Fig. 2: Location heatmap of included studies by country, showing high distribution within China and USA.
figure 2

Generated using R Statistical Software (v4.1.1, R Core Team 2021).

Median sample size across all included RCTs was 186 (IQR 56-654). Most RCTs were single centre (n = 39, 60%) versus multicentre (n = 26, 40%). Studies were commonly unblinded (n = 24, 37%) or single-blinded (n = 21, 32%), with few double-blinded RCTs (n = 2, 3%). 18 (28%) did not report details of any blinding.

Types of AI intervention

The most common types of AI intervention were endoscopy assistance (n = 13, 20%), image enhancement (n = 11, 17%), image classification (n = 9, 14%), and chatbots (n = 7, 11%). Endoscopy assistance was defined as computer-aided detection of suspicious lesions during colonoscopy or upper endoscopy, which highlight regions on the endoscopist’s display in real-time. Image enhancement encompasses AI interventions that modify medical images, such as ultrasound or radiography, to improve clarity or highlight areas of interest. In contrast, image classification involves automated diagnosis or interpretation of medical images using an AI, with the results informing clinician decision-making. Chatbots use language models to process human speech or text prompts and generate responses; specific uses within the included studies were digital mental health assistance and exercise coaching, used as a supplement to healthcare professional-guided therapy. All RCTs had two arms, with the exception of one study that investigated two different chatbot interventions against a control intervention simultaneously (delivering personalised exercise coaching by smart speaker or by text messaging)25. Full classification and description of interventions is shown in Table 1.

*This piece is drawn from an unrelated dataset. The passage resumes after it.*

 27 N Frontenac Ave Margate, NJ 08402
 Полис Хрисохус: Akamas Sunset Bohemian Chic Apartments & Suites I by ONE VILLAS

Table 1 Type, frequency and description of AI interventions across included studies

AI interventions were placed into categories according to level of human oversight: ‘data presentation’ (n = 27, 43%), ‘clinical decision support’ (n = 14, 22%), ‘conditional automation’ (n = 6, 10%) and ‘high automation’ (n = 16, 25%). No AI interventions were determined to have ‘full automation’. More broadly, interventions were classified as assistive (non-autonomous) (n = 41, 63%) or autonomous (n = 22, 34%). Two studies (3%) did not report sufficient detail to determine level of human oversight.

Clinical specialty of interventions

When grouped by clinical specialty, most RCTs were in gastroenterology (n = 15, 23%), followed by radiology (n = 5, 8%), primary care (n = 4, 6%), emergency medicine (n = 4, 6%), diabetology (n = 4, 6%) and cardiology (n = 4, 6%). The full distribution of clinical specialties is shown in Fig. 3.

Fig. 3
figure 3

Distribution of clinical specialties amongst included RCTs, showing a high prevalence of interventions within gastroenterology.

Journal of publication

The 65 RCTs were published across 52 unique medical journals. As of May 2023, only two of the included journals (4%) explicitly mandated CONSORT-AI in their online submission guidelines (The Lancet Digital Health, The Lancet Gastroenterology) and one (2%) recommended CONSORT-AI without an explicit mandate (Ophthalmology Science). However, CONSORT 2010 was explicitly mandated by 28 journals (54%) and recommended without mandate in a further seven journals (13%). The EQUATOR Network (www.equator-network.org) is a comprehensive catalogue of reporting guidelines (including CONSORT-AI) and was recommended by 23 journals (44%) in total, of which eight (15%) specifically mandated its use to locate relevant reporting guidelines. Most journals that recommended use of the EQUATOR Network also explicitly recommended CONSORT 2010 (n = 21, 91%).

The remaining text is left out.